Raccontar fiabe a Mantova

Oggi da noi nessuno racconta più fiabe, nemmeno gli anziani, ormai disabituati da tempo a intrattenere l’attenzione dei più giovani con delle storie.

Erano invece comunemente narrate fino al secondo conflitto mondiale, quando ancora esisteva intatto quel mondo agricolo che era il loro habitat naturale, poi travolto dal boom economico del dopoguerra.

Le fòle, come vengono chiamate a Mantova, erano tra la gente di campagna il passatempo delle ore serali, che con i ritmi della natura corrispondevano alle ore di buio. Venivano raccontate nei filòs, le lunghe veglie invernali durante le quali ci si dedicava a lavori al coperto. Nel filòs si raccontava di tutto, non solo fiabe, ma anche aneddoti e notizie, il tutto però sempre con con tono epico e grandioso. Di solito chi raccontava era l’anziano, poiché aveva più esperienza e quindi anche più cose da dire. Ma erano molto diffusi anche dei veri e propri cantastorie itineranti, detti contafòle o folèr; erano persone comuni, semplicemente più spigliate a parlare. Spesso potevano diventare molto famosi, proprio perché si spostavano da una corte all’altra, ma non venivano mai trattati da star. In genere venivano ricompensati con un bicchiere di vino e un piatto di lenticchie.

Le fiabe potevano anche essere un passatempo molto virile, raccontate nelle osterie, luoghi per soli uomini, tra una minestra e una partita a carte.
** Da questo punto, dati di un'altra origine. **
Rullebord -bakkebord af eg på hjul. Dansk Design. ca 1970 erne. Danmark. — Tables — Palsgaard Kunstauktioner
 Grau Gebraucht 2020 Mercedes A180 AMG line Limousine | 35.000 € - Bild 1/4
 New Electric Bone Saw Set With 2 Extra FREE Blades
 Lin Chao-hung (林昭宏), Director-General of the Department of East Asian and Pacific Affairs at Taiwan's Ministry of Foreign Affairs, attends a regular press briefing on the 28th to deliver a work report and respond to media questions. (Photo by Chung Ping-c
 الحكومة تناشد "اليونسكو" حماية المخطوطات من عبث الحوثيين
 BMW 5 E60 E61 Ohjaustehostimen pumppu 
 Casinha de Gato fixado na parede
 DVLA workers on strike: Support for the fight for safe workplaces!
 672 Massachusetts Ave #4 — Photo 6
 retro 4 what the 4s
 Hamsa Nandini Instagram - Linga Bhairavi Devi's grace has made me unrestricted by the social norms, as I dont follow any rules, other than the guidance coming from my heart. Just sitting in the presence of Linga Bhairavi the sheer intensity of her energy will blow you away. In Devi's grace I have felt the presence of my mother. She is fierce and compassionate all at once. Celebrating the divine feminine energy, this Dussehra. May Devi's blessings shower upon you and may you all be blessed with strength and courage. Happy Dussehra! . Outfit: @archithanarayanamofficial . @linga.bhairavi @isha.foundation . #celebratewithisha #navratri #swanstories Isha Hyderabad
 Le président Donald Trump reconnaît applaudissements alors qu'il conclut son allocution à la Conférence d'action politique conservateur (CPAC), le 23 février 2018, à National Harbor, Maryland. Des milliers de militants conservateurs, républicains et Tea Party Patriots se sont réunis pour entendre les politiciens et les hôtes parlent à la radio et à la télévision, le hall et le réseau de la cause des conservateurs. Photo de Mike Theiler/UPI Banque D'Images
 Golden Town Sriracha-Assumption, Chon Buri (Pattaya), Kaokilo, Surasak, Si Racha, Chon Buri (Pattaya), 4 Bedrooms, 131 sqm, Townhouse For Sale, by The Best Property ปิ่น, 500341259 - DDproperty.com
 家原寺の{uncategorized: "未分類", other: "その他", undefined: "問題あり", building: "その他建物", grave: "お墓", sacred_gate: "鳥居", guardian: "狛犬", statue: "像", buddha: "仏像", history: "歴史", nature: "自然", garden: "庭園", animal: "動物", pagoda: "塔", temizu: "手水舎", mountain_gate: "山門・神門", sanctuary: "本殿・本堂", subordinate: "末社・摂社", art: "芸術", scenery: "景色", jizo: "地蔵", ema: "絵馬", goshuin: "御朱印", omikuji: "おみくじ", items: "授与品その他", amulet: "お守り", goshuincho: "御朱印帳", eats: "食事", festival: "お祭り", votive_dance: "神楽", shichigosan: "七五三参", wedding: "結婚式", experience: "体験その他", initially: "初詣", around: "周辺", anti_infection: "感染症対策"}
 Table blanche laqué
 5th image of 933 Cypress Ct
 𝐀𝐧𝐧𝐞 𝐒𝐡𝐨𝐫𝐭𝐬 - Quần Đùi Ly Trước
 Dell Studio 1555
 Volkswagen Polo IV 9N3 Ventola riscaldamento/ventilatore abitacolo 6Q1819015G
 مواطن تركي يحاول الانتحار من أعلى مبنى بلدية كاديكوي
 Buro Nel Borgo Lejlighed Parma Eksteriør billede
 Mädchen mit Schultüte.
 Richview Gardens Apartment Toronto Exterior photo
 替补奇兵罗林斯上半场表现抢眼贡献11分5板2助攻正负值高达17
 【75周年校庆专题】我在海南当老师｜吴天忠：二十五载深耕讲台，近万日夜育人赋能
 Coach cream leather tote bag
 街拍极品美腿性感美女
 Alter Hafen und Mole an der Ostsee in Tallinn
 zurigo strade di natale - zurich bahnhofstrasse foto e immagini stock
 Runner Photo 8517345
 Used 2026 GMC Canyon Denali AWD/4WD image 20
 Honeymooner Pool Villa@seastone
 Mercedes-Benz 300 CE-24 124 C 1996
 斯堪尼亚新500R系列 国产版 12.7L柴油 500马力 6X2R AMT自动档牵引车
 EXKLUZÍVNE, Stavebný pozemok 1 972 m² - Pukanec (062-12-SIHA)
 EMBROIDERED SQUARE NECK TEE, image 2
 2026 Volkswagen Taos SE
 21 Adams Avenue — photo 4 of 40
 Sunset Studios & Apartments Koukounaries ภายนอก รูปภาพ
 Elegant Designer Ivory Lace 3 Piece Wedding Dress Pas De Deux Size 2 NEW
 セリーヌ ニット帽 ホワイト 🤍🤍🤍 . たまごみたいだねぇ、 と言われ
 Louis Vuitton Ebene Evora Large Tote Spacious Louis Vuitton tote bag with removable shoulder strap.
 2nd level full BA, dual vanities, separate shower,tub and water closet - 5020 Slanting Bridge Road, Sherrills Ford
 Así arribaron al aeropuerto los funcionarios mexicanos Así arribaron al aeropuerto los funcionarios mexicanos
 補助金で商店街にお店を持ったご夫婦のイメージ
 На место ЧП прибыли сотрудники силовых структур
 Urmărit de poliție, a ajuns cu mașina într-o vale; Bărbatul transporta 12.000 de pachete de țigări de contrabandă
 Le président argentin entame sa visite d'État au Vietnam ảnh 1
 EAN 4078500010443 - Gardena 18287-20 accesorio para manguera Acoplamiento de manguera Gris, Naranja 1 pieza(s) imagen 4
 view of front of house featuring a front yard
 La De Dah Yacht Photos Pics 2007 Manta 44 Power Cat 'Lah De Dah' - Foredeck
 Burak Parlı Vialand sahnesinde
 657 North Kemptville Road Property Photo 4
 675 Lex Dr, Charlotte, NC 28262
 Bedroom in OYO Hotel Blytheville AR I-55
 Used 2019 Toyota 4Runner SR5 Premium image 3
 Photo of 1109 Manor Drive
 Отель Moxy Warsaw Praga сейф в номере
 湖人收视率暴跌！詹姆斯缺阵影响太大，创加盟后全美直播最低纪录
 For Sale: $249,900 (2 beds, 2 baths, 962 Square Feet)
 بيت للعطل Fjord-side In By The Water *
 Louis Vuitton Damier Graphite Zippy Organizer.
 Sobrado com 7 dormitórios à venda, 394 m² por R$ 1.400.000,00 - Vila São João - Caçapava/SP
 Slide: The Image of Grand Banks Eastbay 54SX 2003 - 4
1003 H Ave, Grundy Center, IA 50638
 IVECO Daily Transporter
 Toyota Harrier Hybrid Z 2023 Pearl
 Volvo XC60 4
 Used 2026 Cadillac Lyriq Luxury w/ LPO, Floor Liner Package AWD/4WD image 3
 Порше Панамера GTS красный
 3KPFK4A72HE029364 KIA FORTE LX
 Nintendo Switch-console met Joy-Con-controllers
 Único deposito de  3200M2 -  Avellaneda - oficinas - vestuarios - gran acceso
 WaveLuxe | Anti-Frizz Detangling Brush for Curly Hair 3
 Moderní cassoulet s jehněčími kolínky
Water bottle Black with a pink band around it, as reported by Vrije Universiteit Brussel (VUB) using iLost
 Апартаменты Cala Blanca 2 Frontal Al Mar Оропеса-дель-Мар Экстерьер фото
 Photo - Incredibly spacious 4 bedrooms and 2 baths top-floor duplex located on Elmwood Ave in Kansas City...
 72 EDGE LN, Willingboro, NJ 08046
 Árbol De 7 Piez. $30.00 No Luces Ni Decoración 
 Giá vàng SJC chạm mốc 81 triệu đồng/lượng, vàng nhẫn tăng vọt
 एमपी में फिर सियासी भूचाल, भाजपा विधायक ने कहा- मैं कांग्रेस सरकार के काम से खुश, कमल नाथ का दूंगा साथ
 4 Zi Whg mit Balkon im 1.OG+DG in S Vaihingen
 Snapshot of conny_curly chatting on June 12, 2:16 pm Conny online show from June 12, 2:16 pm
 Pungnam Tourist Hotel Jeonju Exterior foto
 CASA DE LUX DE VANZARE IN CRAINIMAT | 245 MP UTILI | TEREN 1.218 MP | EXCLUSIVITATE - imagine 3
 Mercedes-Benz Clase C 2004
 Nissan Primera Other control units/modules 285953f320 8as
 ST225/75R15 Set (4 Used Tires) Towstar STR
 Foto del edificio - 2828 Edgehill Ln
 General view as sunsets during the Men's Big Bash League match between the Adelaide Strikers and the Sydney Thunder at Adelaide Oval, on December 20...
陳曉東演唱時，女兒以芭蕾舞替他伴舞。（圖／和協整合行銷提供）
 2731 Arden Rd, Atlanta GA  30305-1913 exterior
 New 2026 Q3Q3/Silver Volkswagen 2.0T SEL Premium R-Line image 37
Nelle osterie mantovane infatti era normale mangiare oltre che bere, un po’ come negli attuali pub britannici e irlandesi.

Ma anche in altri luoghi e occasioni si raccontavano fiabe: nelle case signorili era il padre, o un vicino, che le narrava alle famiglie riunite sotto il lampadario o attorno al focolare. E potevano anche essere i fidanzati a raccontarsele in un luogo appartato, quasi per creare un’atmosfera di maggiore intimità.

Non erano dunque solo un balocco per bimbi, come vorrebbe invece l’immaginario comune, ma un fenomeno culturale e di costume estremamente diffuso in tutte le fasce della popolazione.

È presumibile che a causa delle trasformazioni sociali ed economiche imposte dall’industrializzazione, e che hanno portato allo sfaldamento della realtà della corte e della famiglia patriarcale e dei ritmi lavorativi quotidiani e stagionali, sia caduta la pratica della narrazione di fòle.

Ma in esse si possono ancora intravedere credenze e abitudini remote, come in un libro documentario. In tutte le fòle, ad esempio, ci si soffermava sull’atto dell’eroe di accendere un fuoco per farsi da mangiare, nella celeberrima ramina par al risòt, in cui si poteva anche preparare però la polenta. Un’associazione fuoco-polenta che richiama facilmente quella sole-grano, fondamentale per l’economia agricola della nostra zona. Pensiamo a quanto erano frequenti in inverno, specie verso il solstizio, falò d’auspicio per una buona stagione e di conseguenza un buon raccolto, i burièi.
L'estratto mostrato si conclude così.